Warum der Volksentscheid?

Warum hat “Wir wollen lernen!” den Volksentscheid beantragt?

1. Wir freuen uns, dass durch das Volksbegehren mit 184.500 Unterschriften der Hamburger genügend Druck aufgebaut wurde, um das umstrittene Schulgesetz von Schwarz-Grün in Einzelpunkten nachzubessern. Ohne diesen Druck wäre dies nicht möglich gewesen. Gemeinsam mit vielen Hamburger Bürgern haben wir damit schon jetzt bereits Einiges erreicht.

2. Das Elternwahlrecht nach Klasse 6 mit dem Probejahr ausgerechnet in der verflixten 7. Klasse auf dem Gymnasium halten wir jedoch für falsch. Denn die Entscheidung der Eltern würde bei diesem Modell schon einige Monate später durch Lehrkräfte überprüft, die die Jugendlichen in der 7. Klasse des Gymnasiums – also mitten in der Pubertät – erst wenige Monate in einzelnen Fächern unterrichtet haben. Nur das Elternwahlrecht in Klasse 4 in seiner bisherigen Ausgestaltung stellt sicher, dass die Schüler vor der Pubertät ausreichend Zeit haben, sich auf dem Gymnasium zu bewähren.

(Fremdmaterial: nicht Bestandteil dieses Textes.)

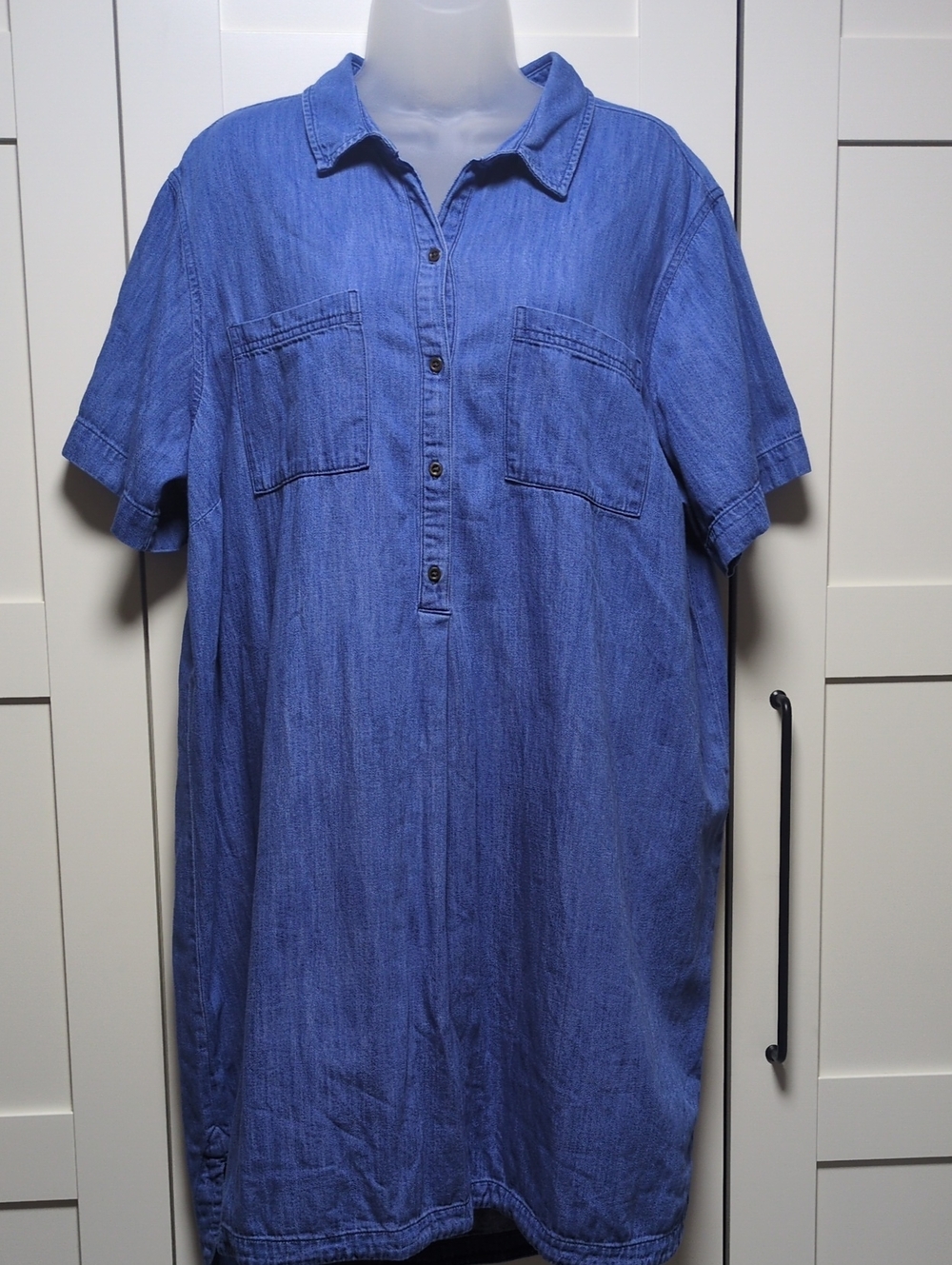 Old Navy Cotton Classic Chambray Denim Popover Midi Dress Size XXL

3. Die sechsjährige Primarschule ist und bleibt ein rein parteipolitischer motivierter Kompromiss. Keine Studie belegt, dass eine Verlängerung der Grundschulzeit auf sechs Jahre positiv für Lerneffekte der Hamburger Schüler wäre. Zudem werden alle weiterführenden Schulen dadurch objektiv geschwächt.

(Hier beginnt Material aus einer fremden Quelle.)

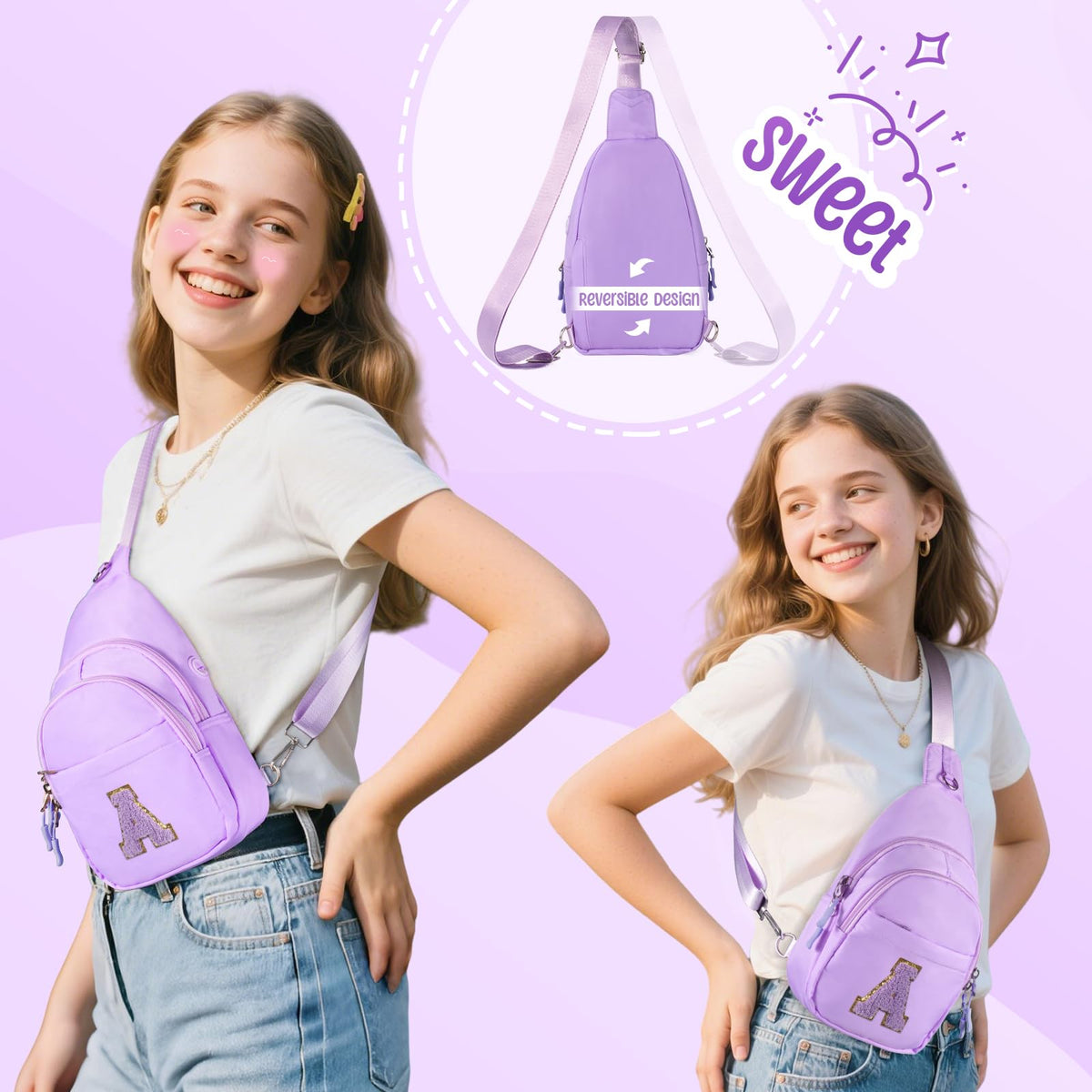 X-KIDS Initial Fanny Pack for Teen Girls Cute Crossbody Bag Sling Purse Personalized Gift for Tween Girl Kids 6-14 Years Old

4. Das Argument des sogenannten „Europäischen Standards“ hält keiner näheren Betrachtung stand. In vielen Ländern mit längerem gemeinsamen Lernen ist entweder der Privatschulanteil sehr hoch (z. B. Holland) oder die personelle und finanzielle Ausstattung der Schulen sehr viel besser (z. B. Finnland) oder die PISA-Werte in diesen Europäischen Ländern sind schlechter als die der Hamburger Schulen (z. B. Dänemark, Norwegen, Frankreich, Luxemburg, Spanien).

5. Die Unterschriften im Volksbegehren und die aktuellen Umfragen signalisieren in der Konsequenz, dass eine große Zahl der Hamburger die Primarschule ablehnt. Eine flächendeckende Zwangseinführung ist deshalb nicht zu verantworten.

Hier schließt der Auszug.